Sans parler des pièces minuscules exposées dans des niches tout aussi minuscules quasiment à 20 cm du sol et où il faut se mettre presque à quatre pattes pour pouvoir les observer dans cette lumière jaunasse et parcimonieuse... Je n'y suis allé qu'une fois et me suis bien promis de n'y remettre jamais les pieds.
Eric, je plussoie. Quoi que j'aie souvenir d'un fou rire dans une sorte de grotte dans laquelle une vidéo était diffusée, mais au final, ça aurait pu être ailleurs, ça ne justifie pas le prix de l'entrée !
Comme d'habitude, j'ai enrichi mon vocabulaire (pour ne pas dire j'ai appris un mot nouveau) : SALMIGONDIS! Salmigondis = écrit ou discours fait de choses disparates.
Eric et Anne,
Il y a d'autres musées, notamment celui de l'érotisme. Là vous ne serez pas déçus! Éric, je te déconseille d'y aller le matin car c'est l'heure de travail de la femme de ménage :-).
Une bonne idée de reconversion. Y a du boulot.
@ Juba : Je n'ai pas bien saisi la subtile allusion... Et manifestement, nous ne nous connaissons pas.
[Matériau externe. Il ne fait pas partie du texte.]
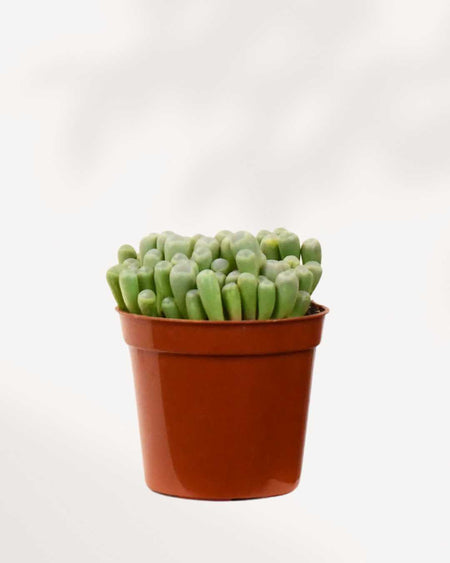 3 Bébés Plantes Tropicales En Pot - Idéal Déco Intérieur Ou Serre - Made In France
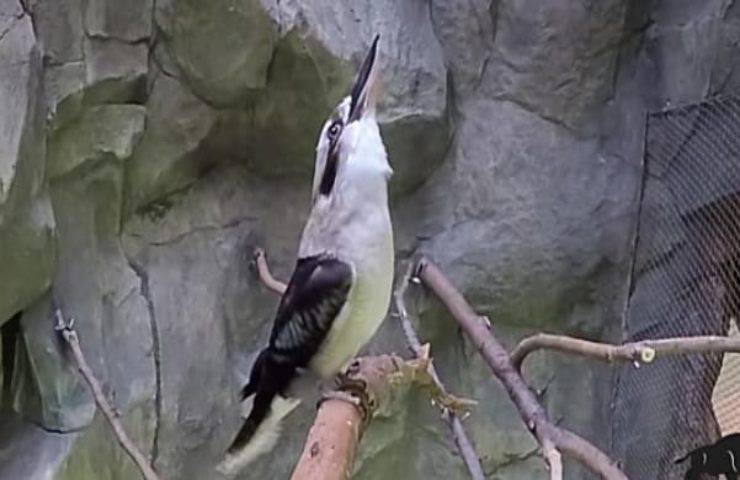 Non conosci il Kookaburra?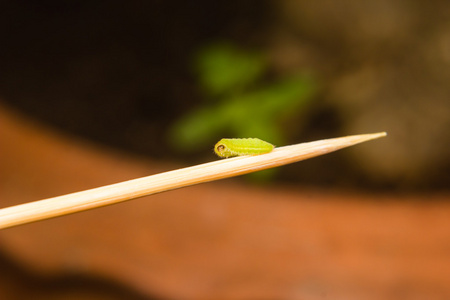 绿色的毛虫蠕虫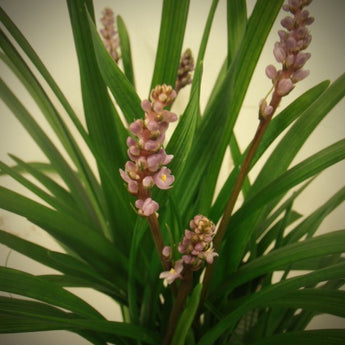 Liriope Samantha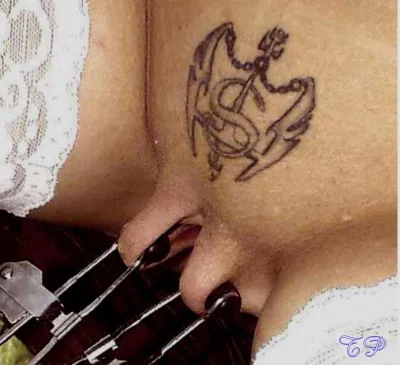 Нейлоновые струны dcv100nb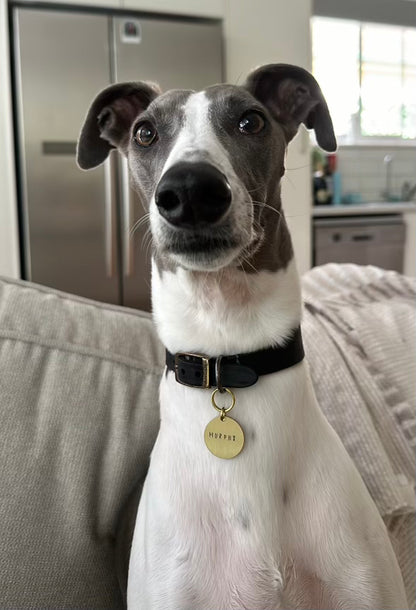 Personalised Dog Name Tag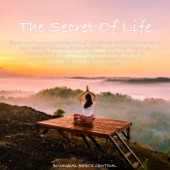 The Secret of Life (feat. Binaural Beats Life, Binaural Beats Home & VR Beats) artwork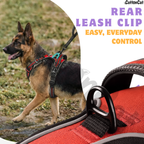 Dog Cat No Pull Harness With Reflective Leash Red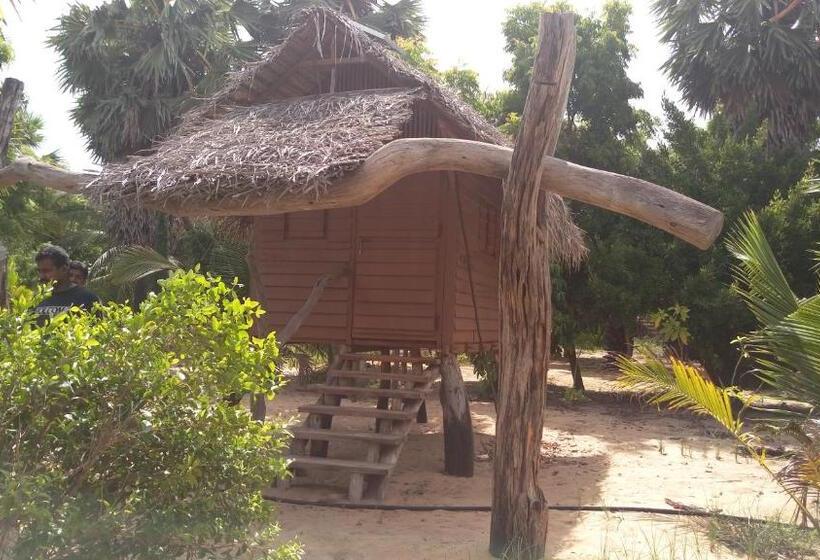 이코노미 싱글 룸, Light House Beach Hut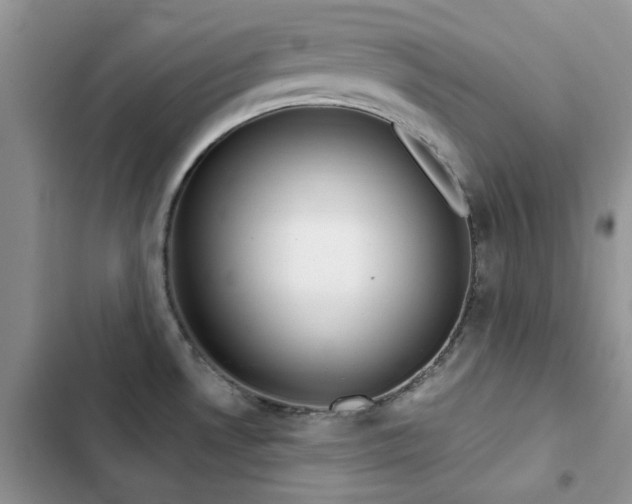 X0000102871530200808181454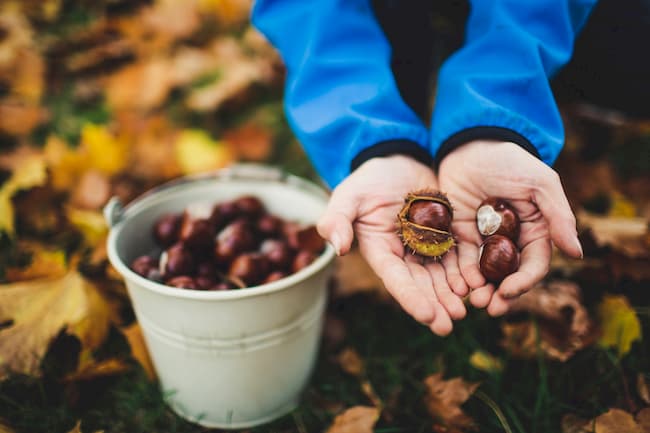 Chestnuts (aka Conkers) shown both in, and out of, their shells Chestnuts (aka Conkers) shown both in, and out of, their shells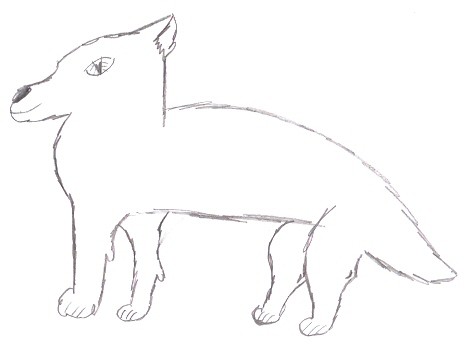 Tyke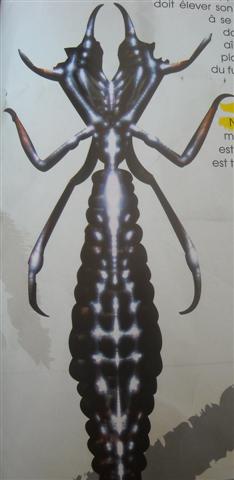 Arachnoïde 
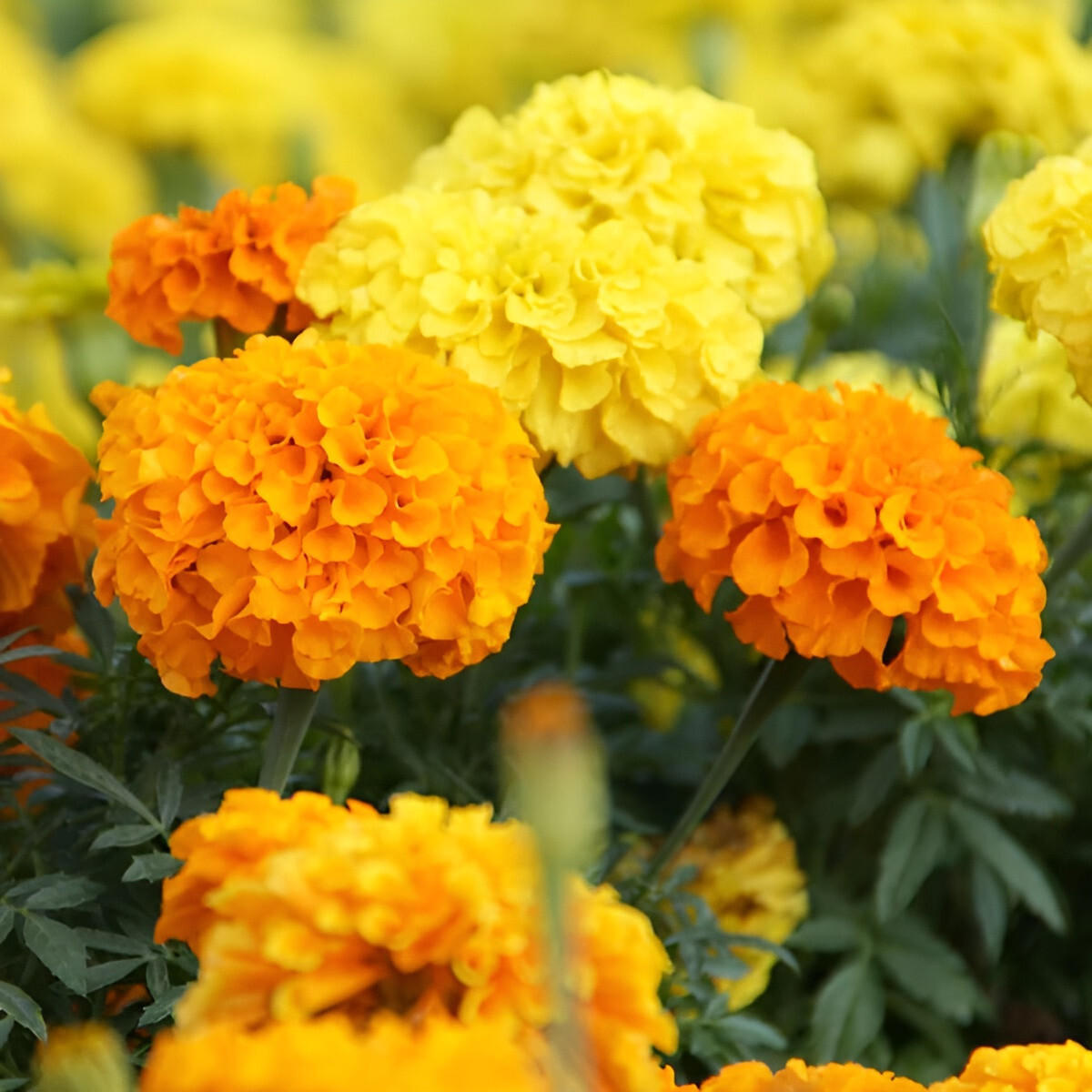 220 African Marigold Seeds: Crackerjack – Beautiful Orange and Yellow Blooms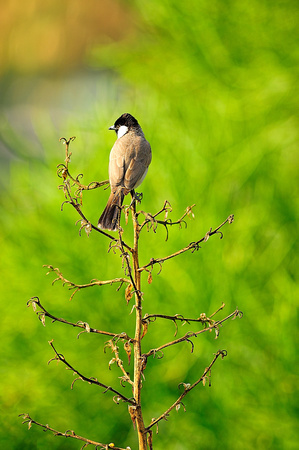 Bird at Creek Park Dubai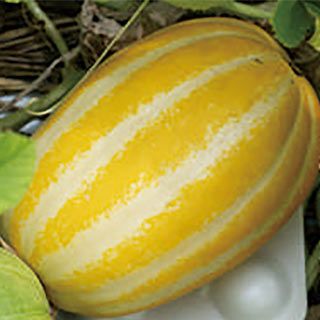 まくわ | 菜園くらぶ 種と苗と園芸資材の専門店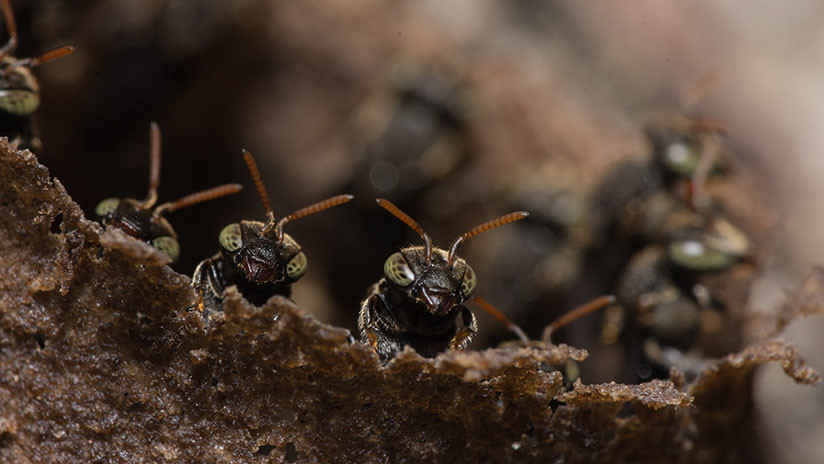 Construir sin coordinación: Las hormigas demuestran que es posible erigir la Torre de Babel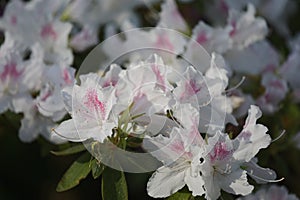 White and red flowers of Rhododendron closeup. Shallow DOF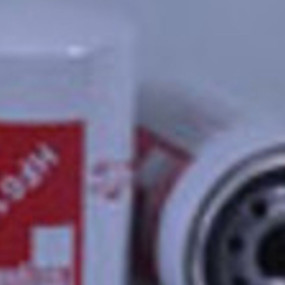 Hydraulikölfilter (Hf6121) Case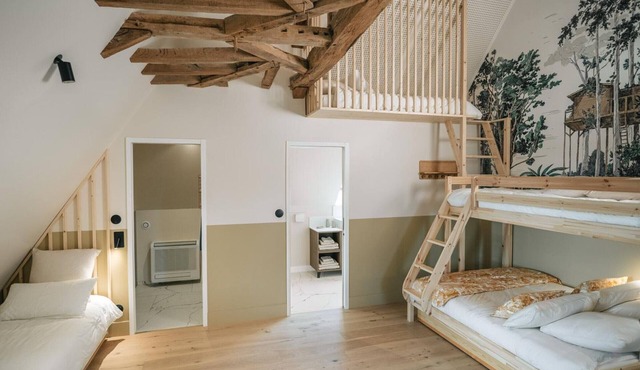 14th Century Authentic Charm with WiFi and Parking in Contigny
Comme quoi un lieu prestigieux peut ne pas être à la hauteur… « Perdu » dans ma campagne, je vais rarement dans les musées : mon dernier passage fut pour Filippo Lippi au Luxembourg. Excellent souvenir ! Je vais plus souvent dans des centres d’art contemporain de taille modeste mais où l’accrochage est rigoureux. Une personne qui m’est proche a appris, aux Beaux-Arts, le travail de curateur : c’est très exigeant, fondé sur une grande réflexion sur l’accord entre les œuvres et le lieu qui va les accueillir.
Par ailleurs, elle vient de créer une série de « masques » inspirée par les arts premiers tant africains que polynésiens. Dès que j’ai un lien, je le donne.
génial ta police d'écriture ,tu me la prètes? ;) au demeurant excellent blog!